11/5/14

A Drug is a Drug is a Drug

The modern understanding of what drugs do in psychiatry, the basis of psychopharmacology, is fatally flawed.” (Joanna Moncrieff)

In The Myth of the Chemical Cure, British psychiatrist Joanna Moncrieff persuasively argued that believing modern drug treatments are specific cures for specific illnesses “is just as mistaken as the belief that insulin coma treatment was an effective and specific treatment for schizophrenia.” This misperception has resulted in “the misdirection of research, the misinterpretation of available evidence and the obstruction of a fuller and more accurate understanding of what psychiatric drugs do.”

Essentially all of the drugs currently used in psychiatry have been developed since the 1950s. While drugs were widely used before that time, they were seen as having crude effects, “usually acting as chemical forms of restraint.” Since that time, drug treatment has been seen as making psychiatry “truly scientific.” Part of this transformation was a radical change in theories of what drugs actually do. “Instead of being seen as substances that induced effects that were crude but useful, they came to be seen as specific treatments for specific illnesses. They became ‘cures.’”

As a consequence, Moncrieff called the current view of psychotropic drug action the “disease-centered model.”  It exists in two related forms. One suggests that drugs act on the underlying causes of a disease or condition. The other suggests that drugs act on the specific pathology responsible for producing the psychiatric symptoms.

This disease-centered model is assumed and rarely articulated. But its existence can be inferred from the way that psychiatric drugs are described and investigated. The names of drug classes themselves reflect this disease centered-model: antipsychotics; antidepressants; anti-anxiety medications.

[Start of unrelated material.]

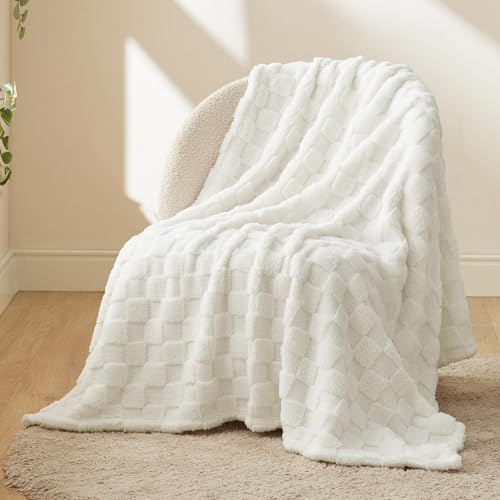 BEDSURE Kuscheldecke Flauschig - Fleecedecke & Wolldecke, Sofadecke, Schachbrettmuster Tagesdecke, Weiche Warme Karierte Decken für Zimmer Deko, Wohn- & Kuscheldecken, Weiß, 150 x 200 cm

It begs the question of exactly what the biological state is that these drugs are supposed to correct. “The predominant psychiatric theory about this is colloquially referred to as the ‘chemical imbalance’ theory of psychiatric disorder.”

Moncrieff proposed an alternative model, that she called the “drug-centered model.” It suggests that the therapeutic value of a drug is derived from the particular quality of the abnormal brain state it produces. “Psychiatric drugs are psychoactive drugs which, by their neurophysiological effects alter ‘mental and emotional life and behaviour for the duration of the treatment.’” Here is a reproduction of a table Moncrieff used in The Myth of the Chemical Cure to show the differences between the two models:

Disease-centered model

Drug-centered model

Drugs help correct an abnormal brain state

Drugs create an abnormal brain state

Therapeutic effects of drugs derive from their effects on presumed disease pathology

Therapeutic effect derive from the impact of the drugs-induced state on behavioral and emotional problems

Drug effects may differ between patients and volunteers

Effects do not differ

Outcomes of drug research consist of effects of drugs on measures of the ‘disease’ and its manifestations or symptoms

Outcomes are the global state produced by drug ingestion and how this interacts with behaviors and experiences

Paradigm: insulin for diabetes

Paradigm: alcohol for social phobia/social anxiety

Along with their immediate effects, when psychiatric drugs are taken over a long period of time on a regular and frequent basis, they “induce physical adaptations to the presence of the drug.” These adaptations can be understood as the body’s defense against the effects of a foreign substance and have several consequences. First, they counteract the immediate effects of the drugs, so that larger doses are needed to achieve the same effects. In other words, tolerance to the drug occurs. A second adaptation occurs:

When the drug is stopped or reduced, especially if this is done suddenly, the bodily adaptations are suddenly unopposed by the presence of the drug. It is these unopposed adaptations that cause withdrawal symptoms and they may cause other problems such as precipitating an episode of psychiatric disorder.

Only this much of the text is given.